PhD scholarship: Combined Dynamic/Biaxial Compression Failure Mode of Geostructures
|Enrolment status||New students|
|Student type||Domestic students, International students|
|Level of study||Higher Degree by Research|
|Study area||Engineering and Computing|
|HDR funding type||Living stipend scholarship|
|Scholarship value||$28,092 per annum (2020 rate), indexed annually|
|Scholarship duration||Three years with the possibility of two 6-month extensions in approved circumstances|
|Opening date||7 August 2020|
|Closing date||15 October 2020|
Mechanical response of geomaterials (e.g. brick, rock, shotcrete, and concrete) under cyclic, dynamic and fast strain-rate loads are substantially different from that of a quasi-static or homogenous loading. Such impact/cyclic stresses could, for instance, be exerted to geostructures during drilling and blasting (D&B) or spalling and rockburst events in deep excavations, which usually deform the near-field rocks at very high strain rates. While quasi-static compression tests have been widely performed on geostructures since the 1960s, coupled dynamic/cyclic and biaxial loading on geostructures have largely been ignored since it would require sophisticated laboratory equipment to model the complex stress conditions. Using the new Hybrid Biaxial/True Triaxial testing facility at UQ Civil, the main objective of this PhD project is to investigate the fracture growth in geomaterials under combined dynamic/cyclic/biaxial stresses by adopting digital image correlation (3D DIC) and high-speed photography techniques.

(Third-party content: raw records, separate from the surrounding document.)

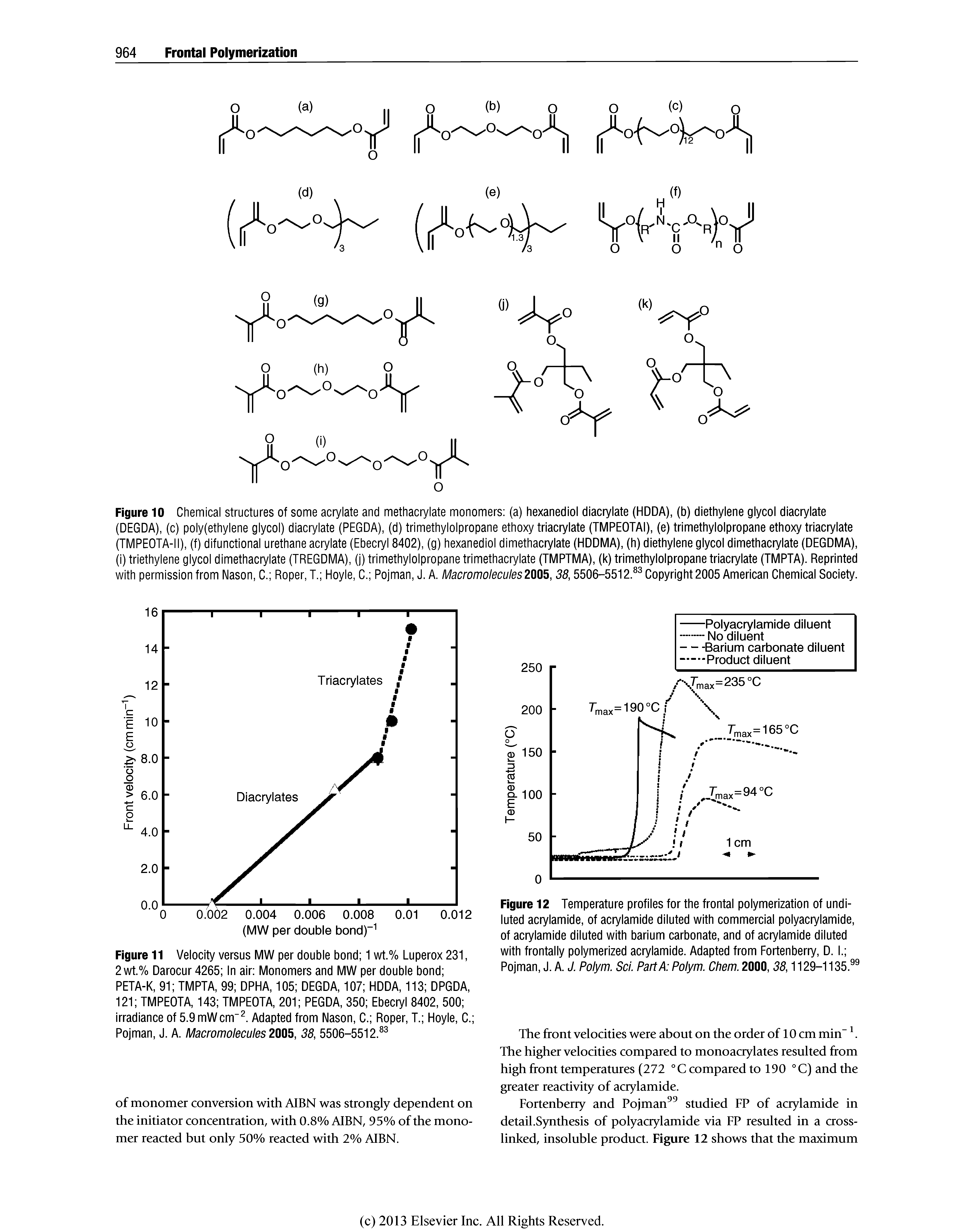 Figure 12 Temperature profiles for the frontal polymerization of undiluted acrylamide, of acrylamide diluted with commercial polyacrylamide, of acrylamide diluted with barium carbonate, and of acrylamide diluted with frontally polymerized acrylamide. Adapted from Fortenberry, D. I. Pojman, J. A. J. Polym. Sci. Part A Polym. Chem. 2000, 38,1129-1135. ...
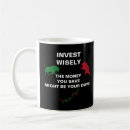 Search for invest in mugs Stocks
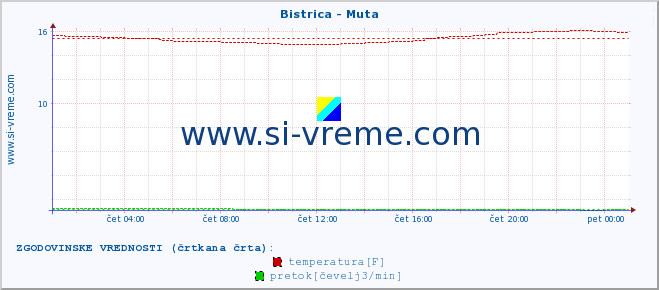 POVPREČJE :: Bistrica - Muta :: temperatura | pretok | višina :: zadnji dan / 5 minut.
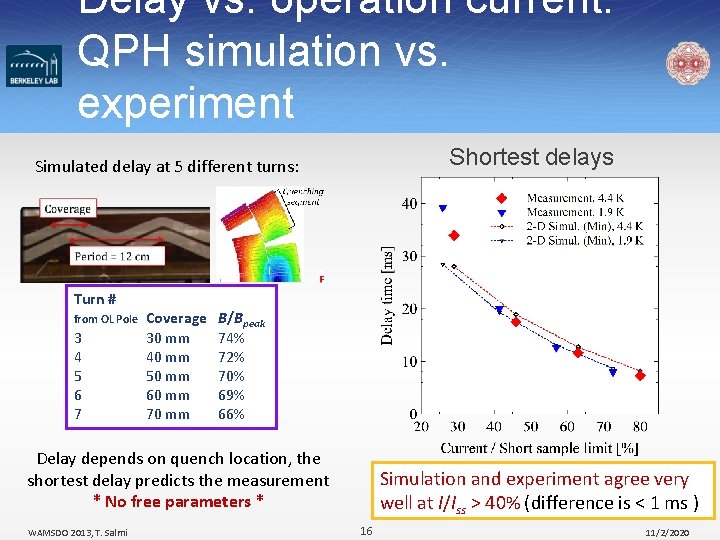 Delay vs. operation current: QPH simulation vs. experiment Shortest delays Simulated delay at 5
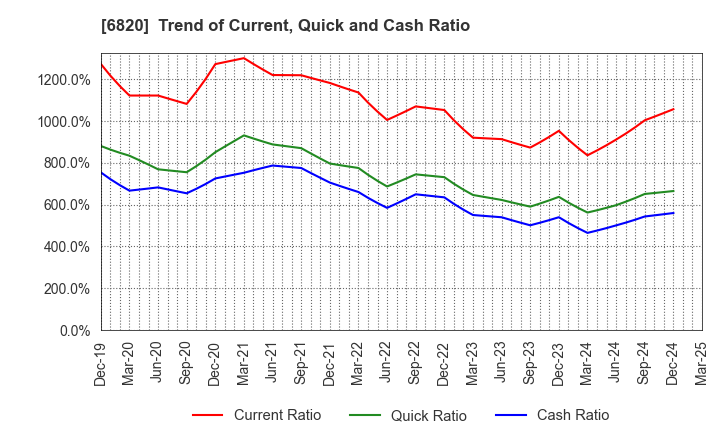 6820 ICOM INCORPORATED: Trend of Current, Quick and Cash Ratio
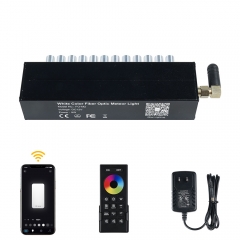 FO-M2 9W White Color 12LEDS Meteor/App Control Fiber Optic illuminator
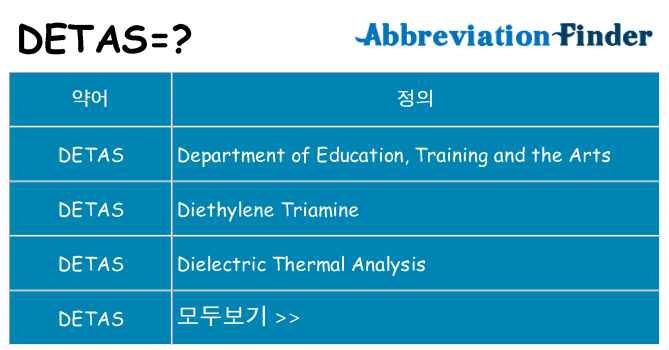 detas 대 한 무엇을 서가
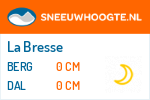 Wintersport La Bresse
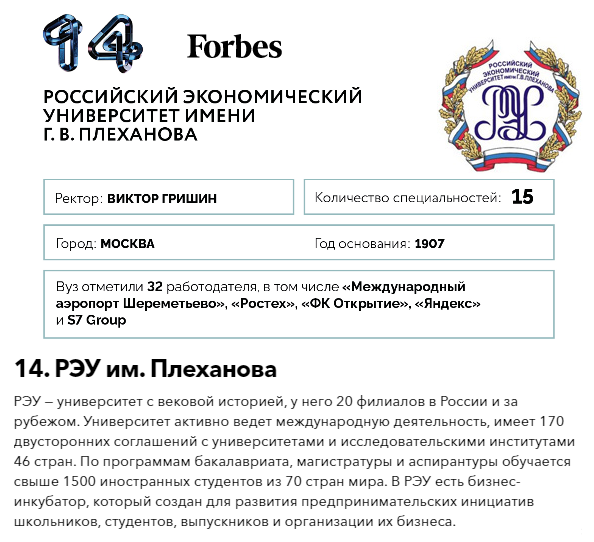 top 100 forbes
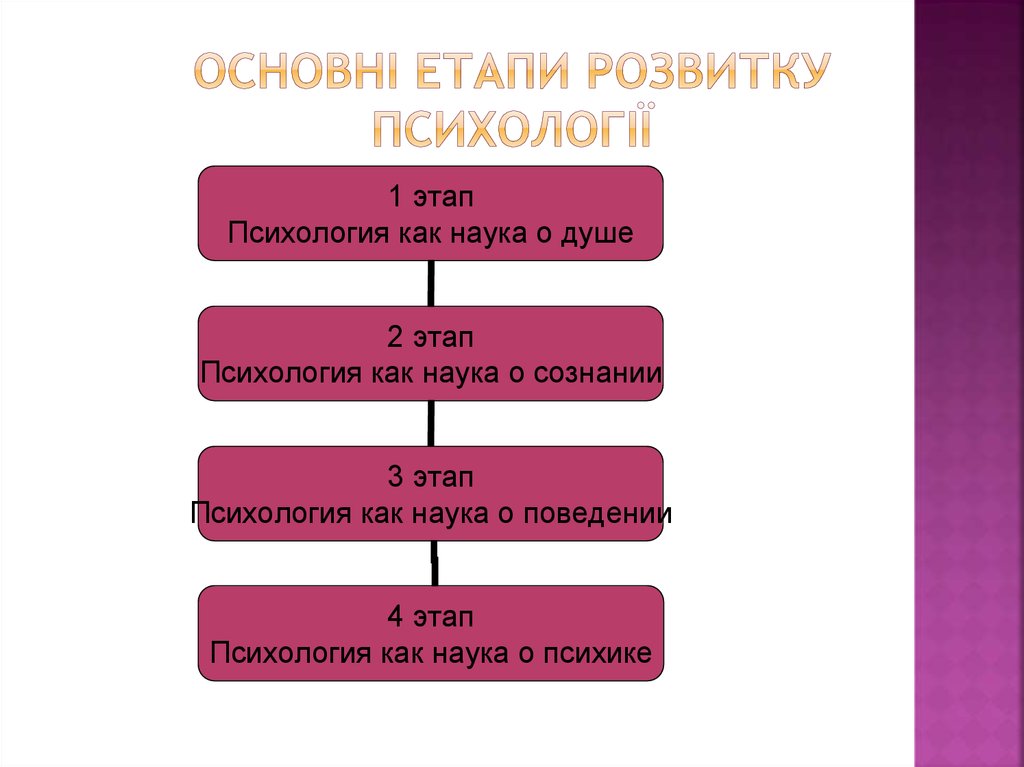 Реферат: Історичні етапи розвитку психології як науки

We are seeking a full-time, highly motivated PhD candidate to perform high-quality research in the field of rock testing and fracture mechanics. The successful candidate will be working under the supervision of Dr Mehdi Serati and Professor David Williams the Geotechnical Engineering Centre (GEC) within the School of Civil Engineering. The candidate will join a multidisciplinary team in partnership with industry partners.